To talk about alcoholism or heroin addiction and the treatment of alcoholism or heroin addiction, without discussing the Pre-existing Underlying Factors that lead to the abuse of these substances, is very common and totally counterproductive. Success in detoxification is much less likely, and relapse back to substance abuse is much more likely, if the Underlying Factors are not discovered and successfully treated. Substance abuse is like any other health problem - its treatment must be determined by the diagnosis. "Heroin Addiction" is not a complete diagnosis. The Pre-existing Underlying Factors/ Conditions are the main diagnosis. They must be discovered so that they can then be treated appropriately. To be effective, the diagnosis of the Underlying Factors and their treatment, must commence at the same time as the assessment and treatment of the addiction.

Seeing 50 or 60 patients a week in my drug and alcohol practice has led me to the conclusion that The Pre-existing Underlying Factors/ Conditions in the vast majority of heroin addicts, alcoholics, amphetamine, cannabis and prescribed medication abusers, in order of frequency, are:

1. ADD (Attention Deficit Disorder) is very common.
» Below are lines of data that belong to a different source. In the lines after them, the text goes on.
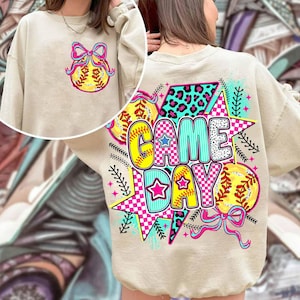 Softball PNG, Game Day Shirt Design, Softball Mama Sublimation, Coquette Softball Mom PNG, Cute Sports Shirt PNG
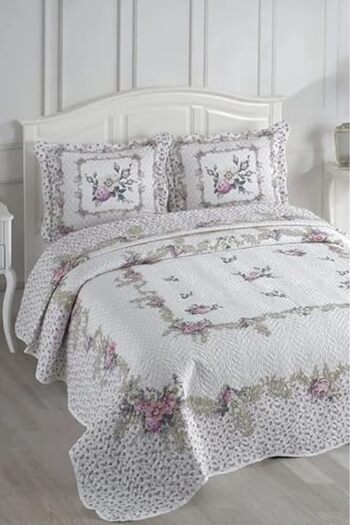 STOREMAX Sellbuyst Örtüm Katie Double Quilted Bedspread Set - Pink Trendy 266450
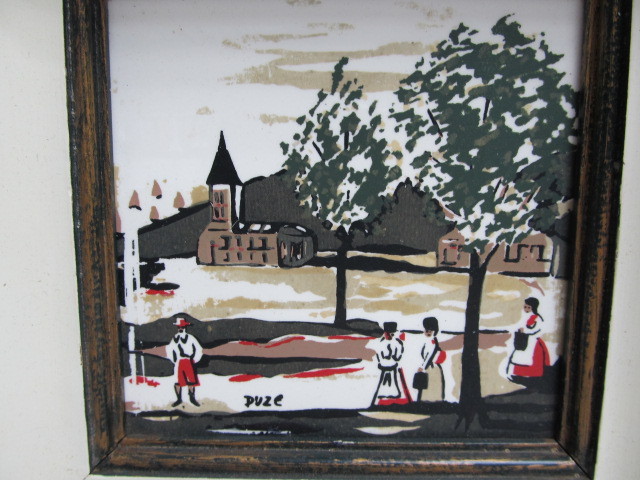 lot 233 image: Mid-Century Modern DUZE Hand Painted Tile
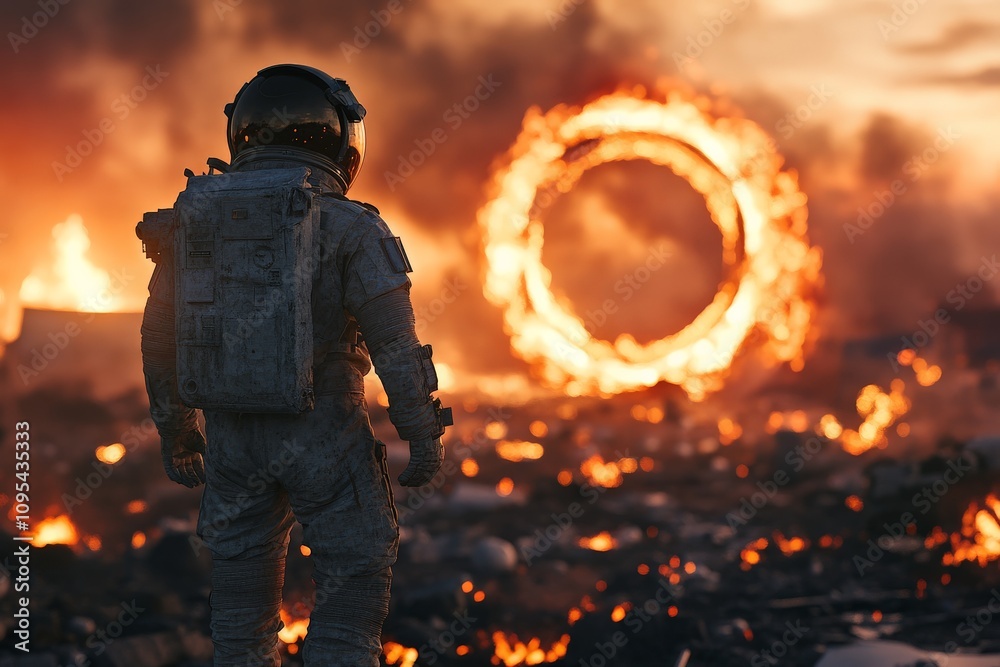 Naklejka premium An astronaut in a rugged suit stands amidst a fiery landscape, staring at a burning ring, evoking a sense of adventure, exploration, and otherworldly wonder.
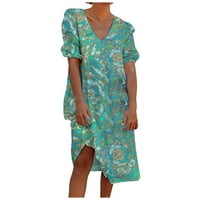 Haljina Moda New Benchmark Himiway Summer Modni bubble rukav pamučni posteljina Ispis V-izrez Haljina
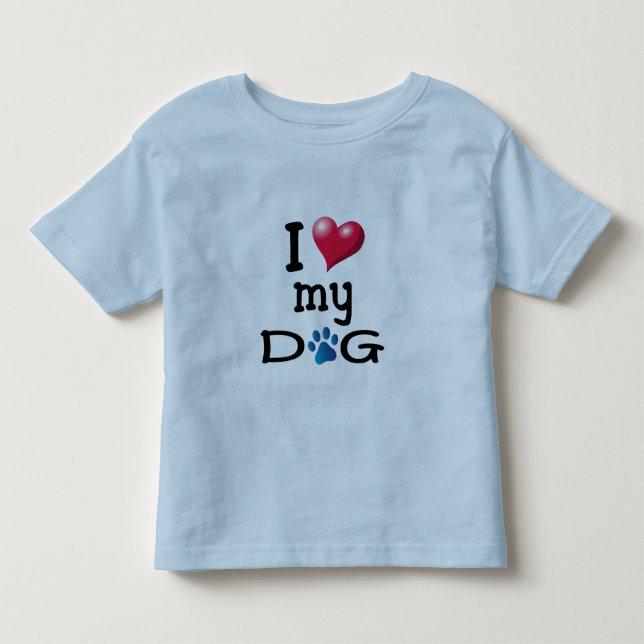 Jag älskar min hund Blue Paw T-shirt (Framsida)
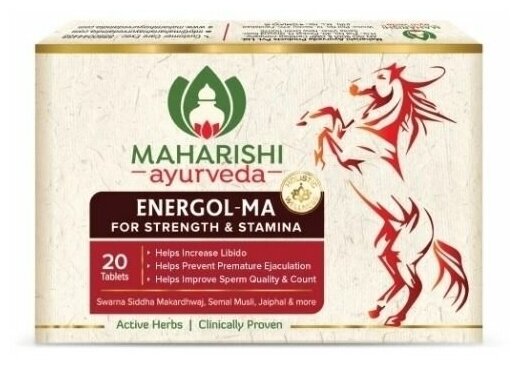 Энергол-МА Махариши (Energol-MA Maharishi) для работы мозга, повышает энергию и выносливость организма, 20 таб.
2. Unresolved Traumas and Stresses are very common. e.g. verbal, physical or sexual abuse in childhood, deaths in the family, family breakdowns, horrendous motor vehicle accidents, immigration, moving house and school too often, war experiences, serious illness etc.
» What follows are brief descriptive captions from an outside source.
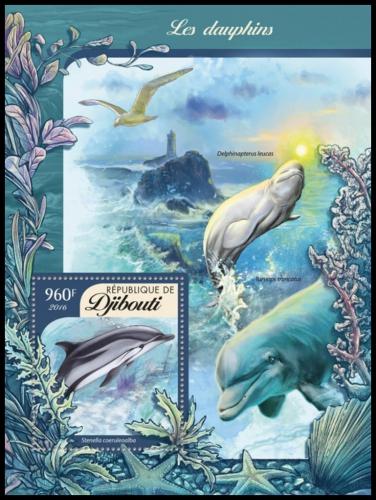 Poštová známka Džibutsko 2016 Delfíny Mi# Block 185 Kat 12€
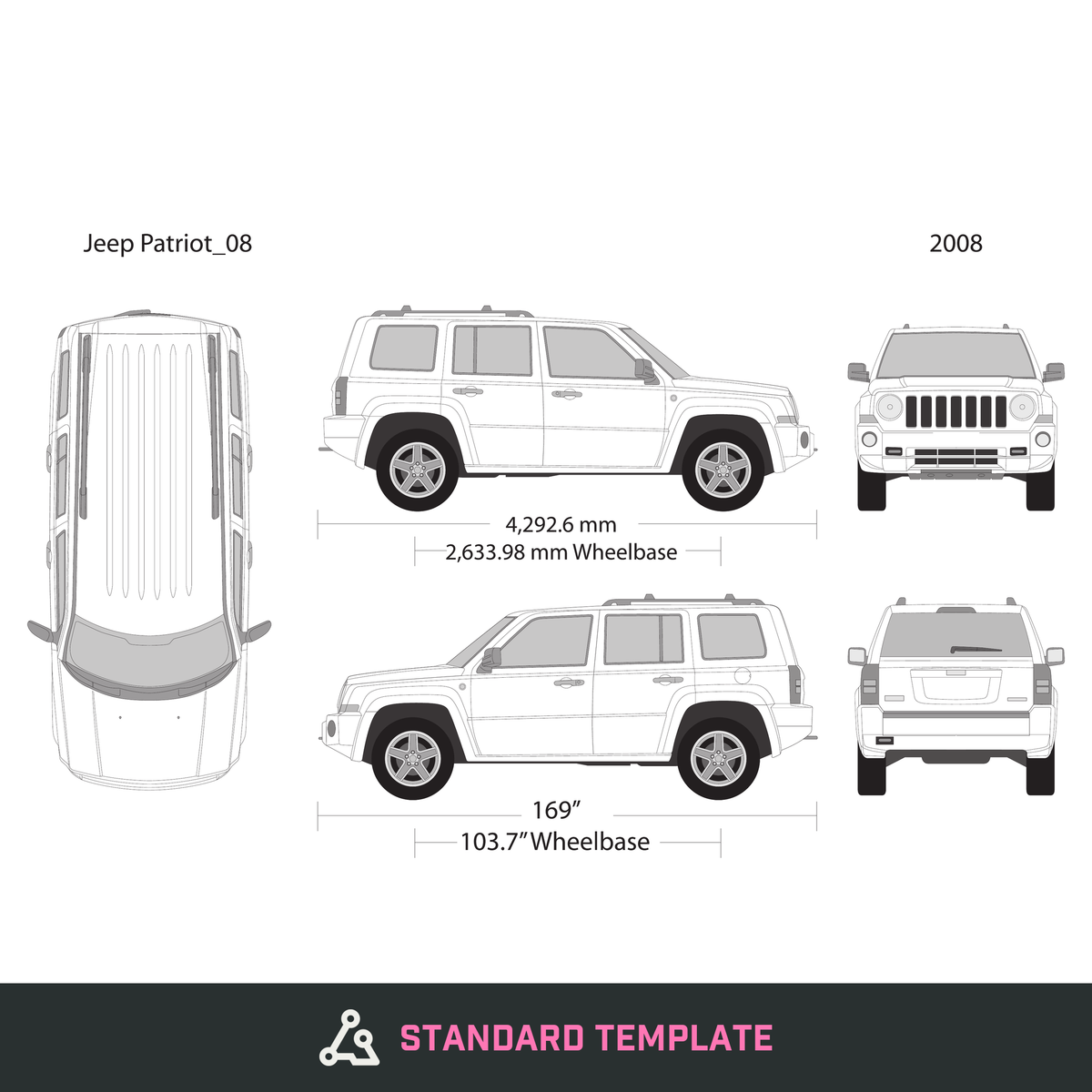 2008 Jeep Patriot vector wrap template, Design-Ready PDF - GravBase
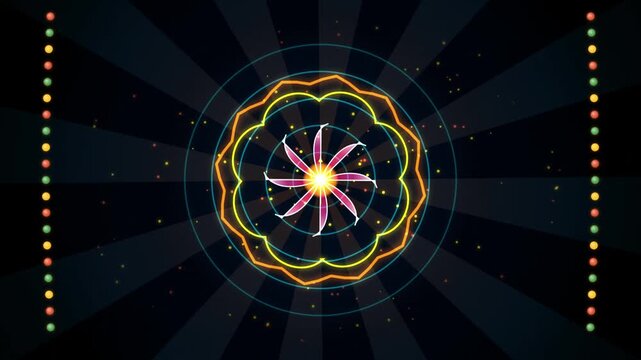 Abstract rotating neon mandala pattern with pulsing light effects on dark ray burst background.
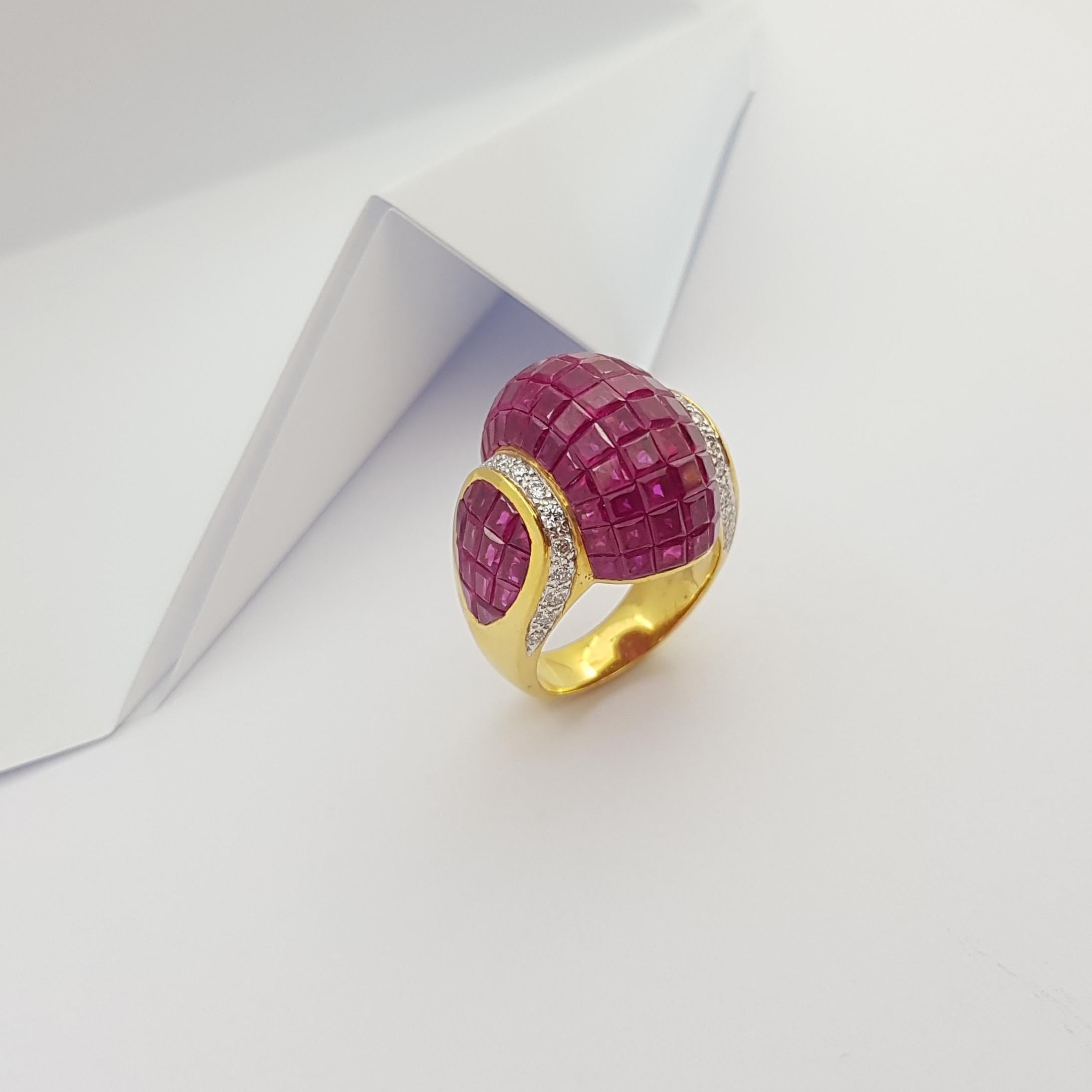 Ruby with Diamond Ring set in 18 Karat Gold Settings For Sale 9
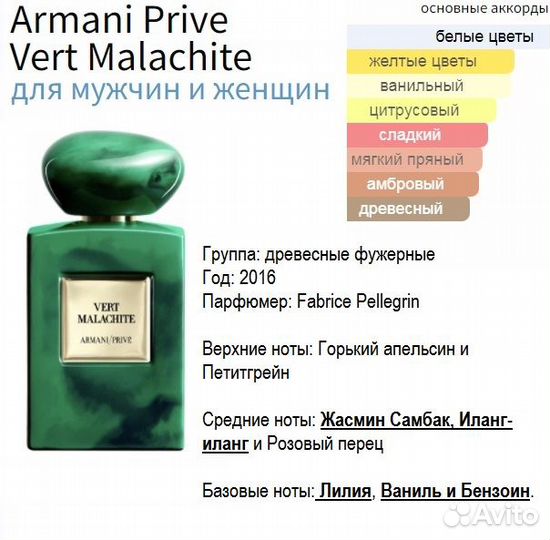 Armani Vert Malachite, унисекс духи выс. конц. 5мл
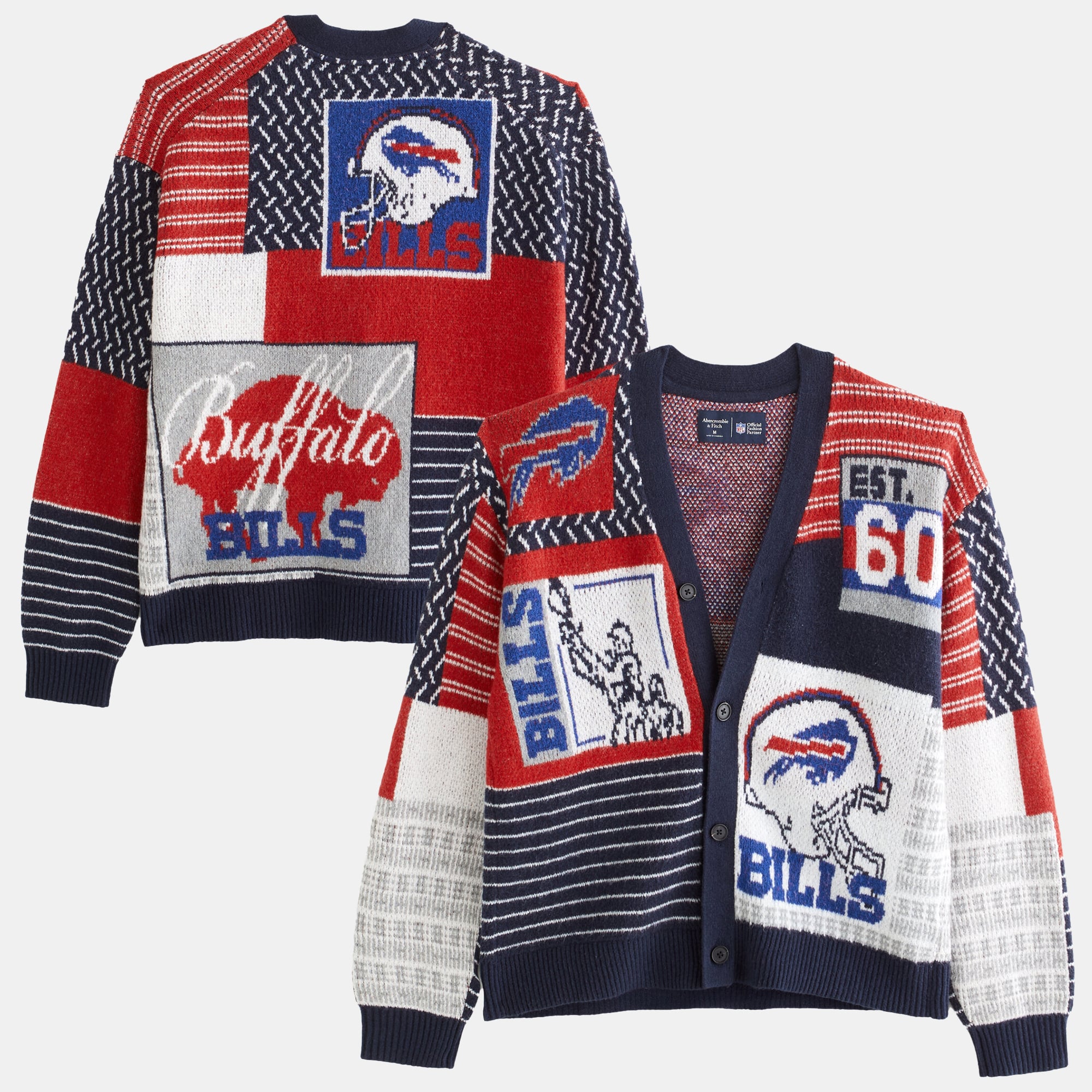 Herren-Cardigan von Abercrombie & Fitch mit rotem Buffalo Bills-Logo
3. Depression is very common. Manic Depressive (Bipolar) Disorder.

4. Anxiety and Panic Disorders are common. Social Phobia and Agoraphobia

5. Insomnia and other Sleep Disorders.

6. Chronic Pain Including Headache, Painful Diseases (e.g. Pancreatitis), Motor Vehicle, Industrial and Sporting Accident Induced Pain.
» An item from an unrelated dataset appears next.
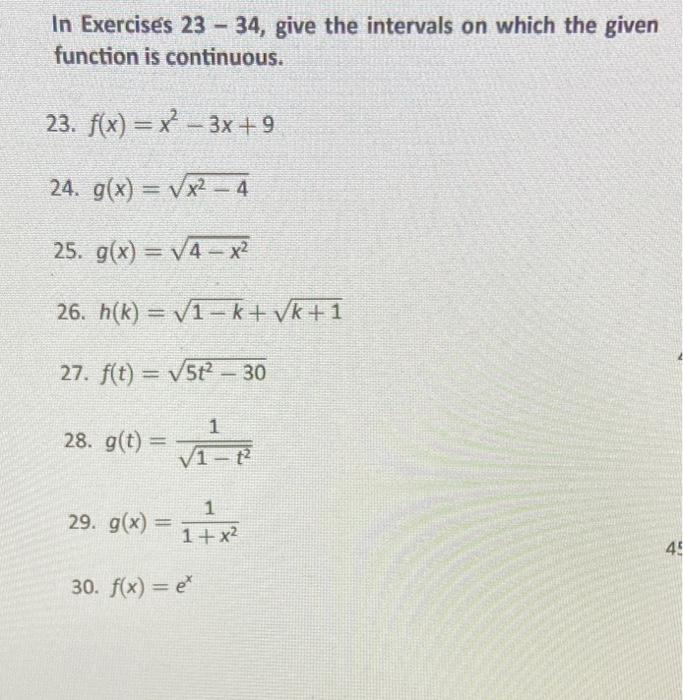 Solved In Exercises 23−34, give the intervals on which the | Chegg.com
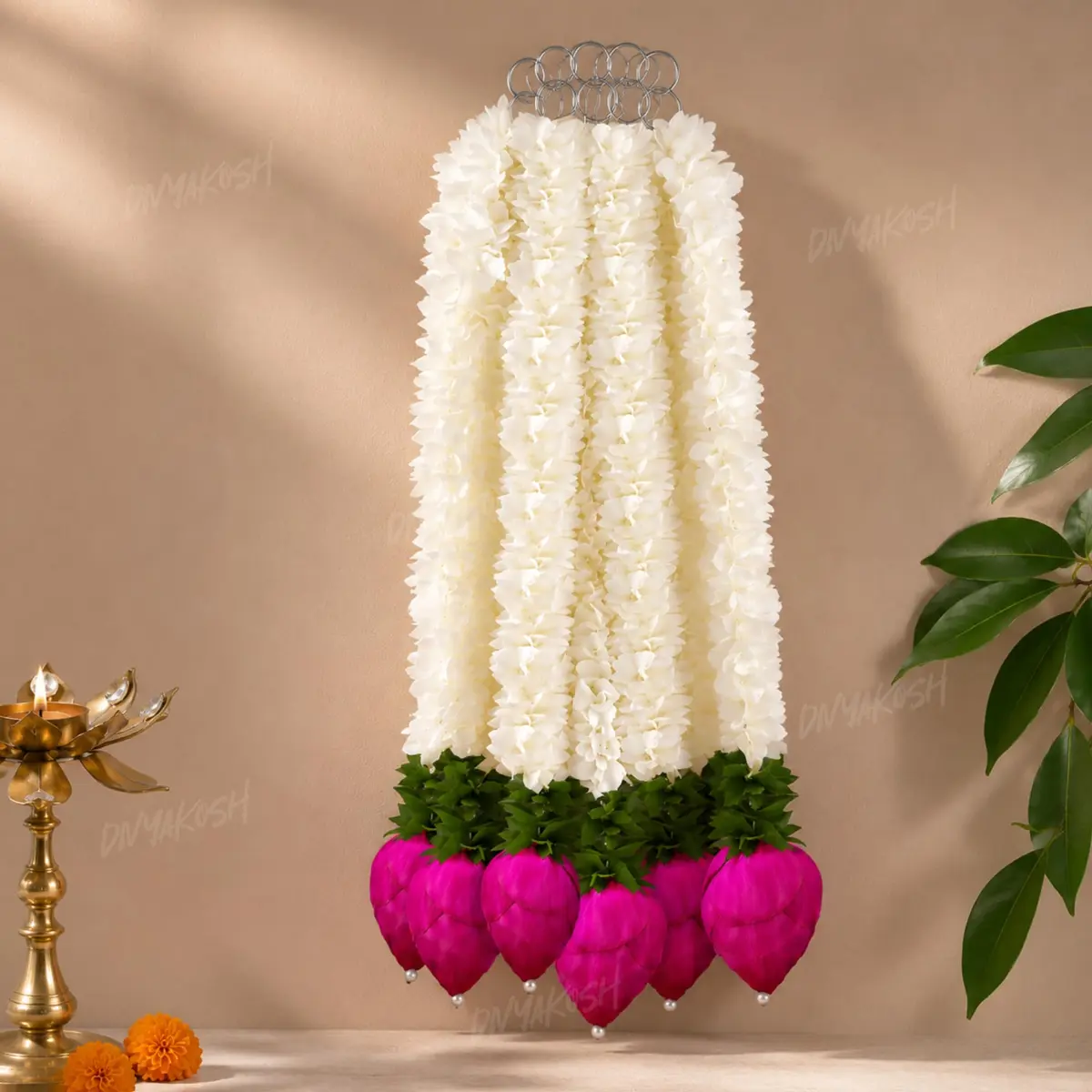 Divyakosh Fabric & Solawood Lotus Garlands 37cm (14 Inch) Pack of 5 | Traditional Festive Door Hangings for Home & Mandir - view 4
7. Intolerable Circumstances in the present (violence, relationship breakdowns, financial disasters, accidents, unemployment, problems in the family, at school or at work and collisions with the law, including court appearances and jail.)

8. Being often in a Drug Environment in which there is exposure to people using drugs, easy availability of drugs, exposure to drug pushers, peer pressure or an addicted partner.

9. Lack of Purpose in life, boredom.

10. An Unstructured Life, lack of boundaries, responsibilities or work.

11. Social Slackness or weakness in the individual, the family or the environment he grew up in. Self-indulgent people who will try anything or do anything that might gratify them, regardless of possible consequences. This is an uncommon cause of addiction, even though it is often thought to be the main cause.

12. Serious Sexual Problems, including Sexual Identity Conflict and the fear of "coming out".


the commonest cause of substance abuse and addiction is ADD banner

ADD is the main cause of someone's addiction, but the ADD is not discovered and treated, the health care professionals involved might almost as well not start to treat the addiction. The addiction will keep recurring again and again. If the addiction is to heroin, overdosing will be a danger during these repeated treatments. Each time the addict gets off the heroin, which has been controlling the ADD suffering, that suffering will flare up again, causing the addict to again seek relief through cannabis, street amphetamines and then heroin.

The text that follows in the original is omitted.